KIRKLAND, Washington (January 7, 2019) – December brought few surprises for real estate brokers in
Western Washington with holidays, fluctuating interest rates, and volatility in consumer confidence
contributing to slower activity. Several leaders from Northwest Multiple Listing Service described 2018
as a transition year for residential real estate.
New data from the MLS show inventory in its 23-county market area dipped below two months of supply
for the first time since July. A year-over-year comparison of the number of new listings, pending sales,
and closed sales show drops overall, while prices rose from the same month a year ago.
Member-brokers added 3,631 new listings of single family homes and condominiums during December
(10.4 percent fewer than a year ago), boosting total active listings to 12,275, up from the year-ago volume
of 8,553. Pending sales were down about 8.4 percent from twelve months ago (5,677 versus 6,198), and
the volume of closed sales dropped nearly 16.6 percent (6,374 versus 7,642).
For 2018, members of Northwest MLS reported completing 92,555 transactions, which compares with
99,345 closed sales during 2017 for a drop of about 6.8 percent. The median price on last year’s closed
sales of single family homes and condominiums combined was $402,000, up $32,000 (8.64 percent) from
Commenting on inventory, declines in closed sales and the drop in month’s supply, MLS director Dick
Beeson said, “There’s lots of speculation as to the reasons why. One thing for sure: this situation can
make for a deliciously deceptive market for either buyers or sellers.” The veteran Realtor said buyers who
are paying attention will find very good values and receptive sellers.

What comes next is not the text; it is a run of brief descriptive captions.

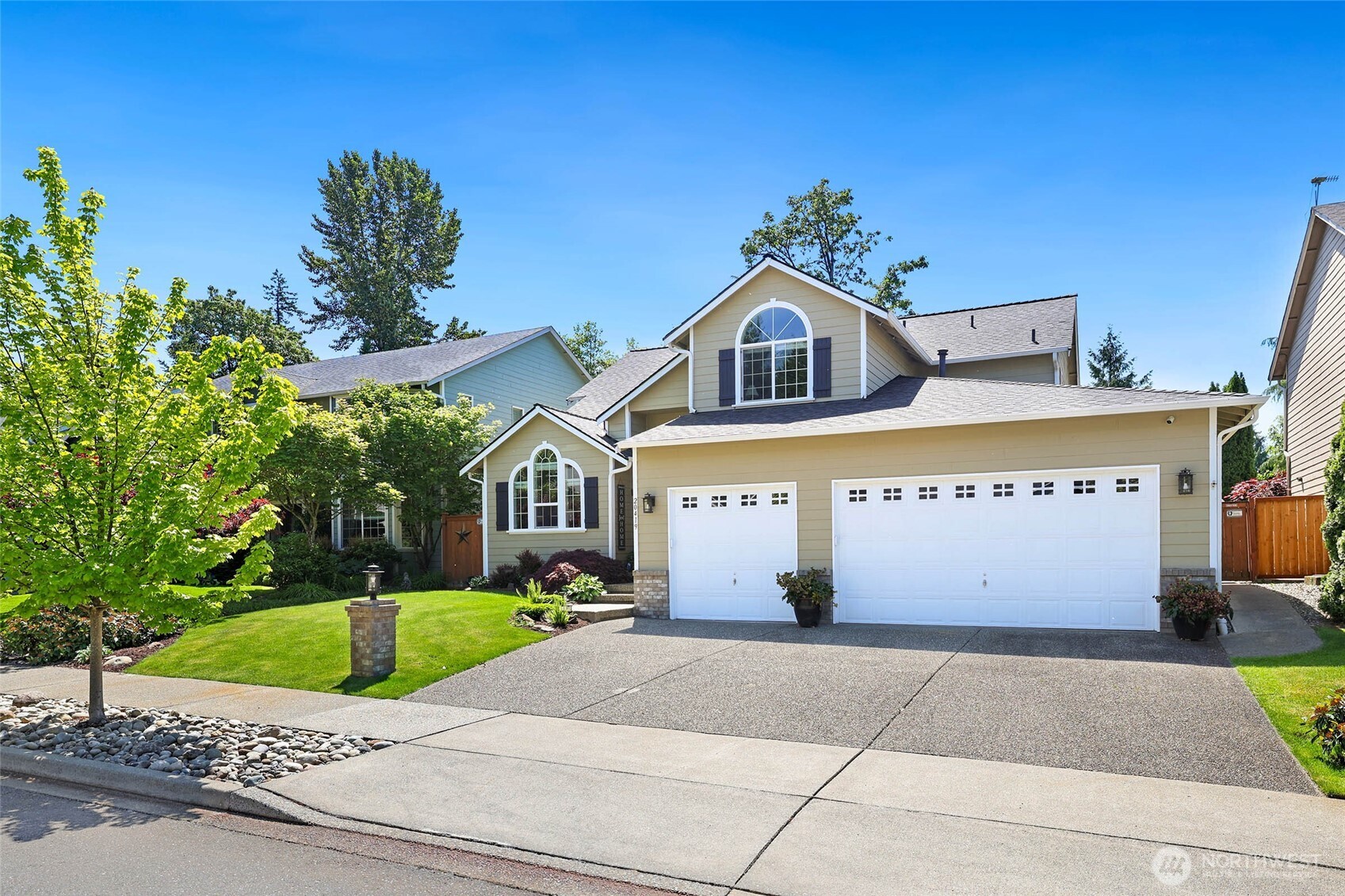 20419 SE 261st Place Covington WA 98042
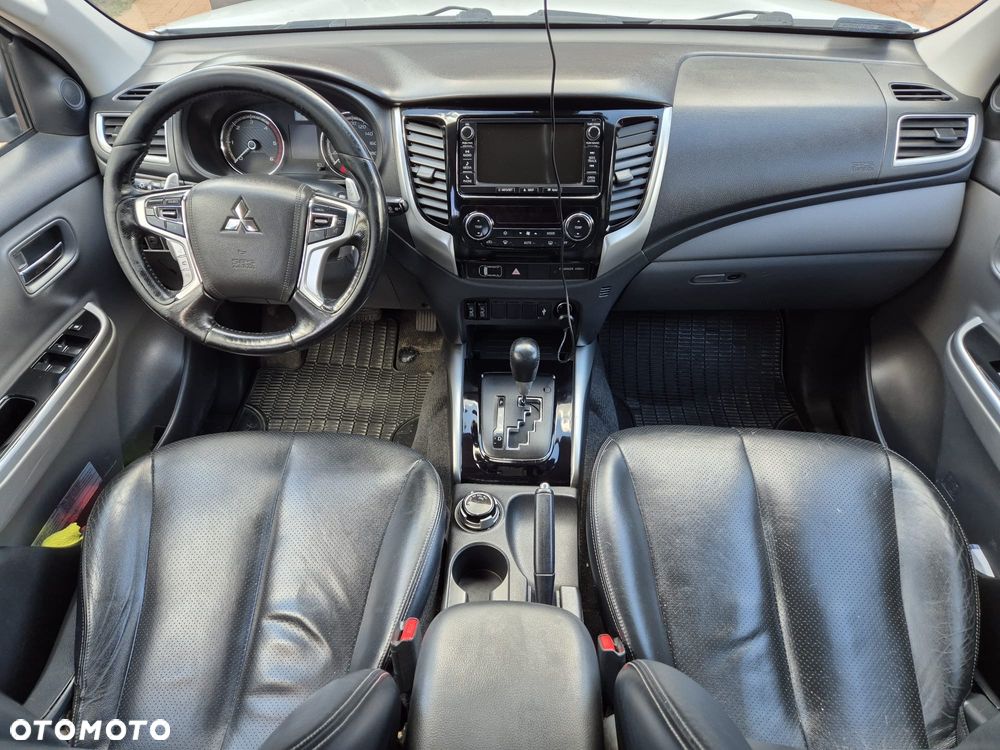 Mitsubishi L200 2.4 d DC Instyle - 9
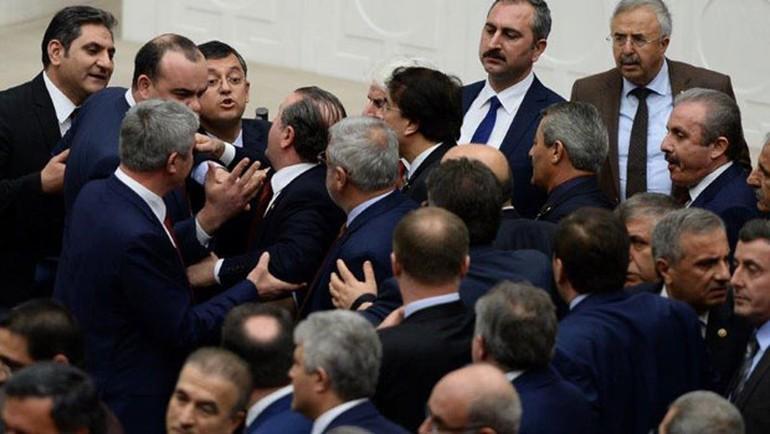 Meclis'te şiddetli tartışmalar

“Timing the interest rate market is beyond the capability of most everyone. Therefore, buyers should act
now, act deliberately, act decisively, and act in conjunction with an experienced real estate professional,”
advised Beeson, the principal managing broker at RE/MAX Northwest in Gig Harbor.
Brokers said many of last month’s buyers took advantage of the shifting market.
“Buyers in December were reaping the benefits of market-weary sellers who were willing to give up part
of their bloated home equity to make a deal and move on,” reported John Deely, principal managing
broker at Coldwell Banker Bain.
James Young, director of the Washington Center for Real Estate Research at the University of
Washington, noted last month was a very different December from a year ago. “While active listings are
up significantly (43.5 percent) from a year ago, interest rates have also gone up by over 80 basis points,
meaning the typical mortgage repayment has increased by about 10 percent for those looking to buy. That
limits spending power and stops buyers from bidding up for the house they want rather than the house
they can afford.”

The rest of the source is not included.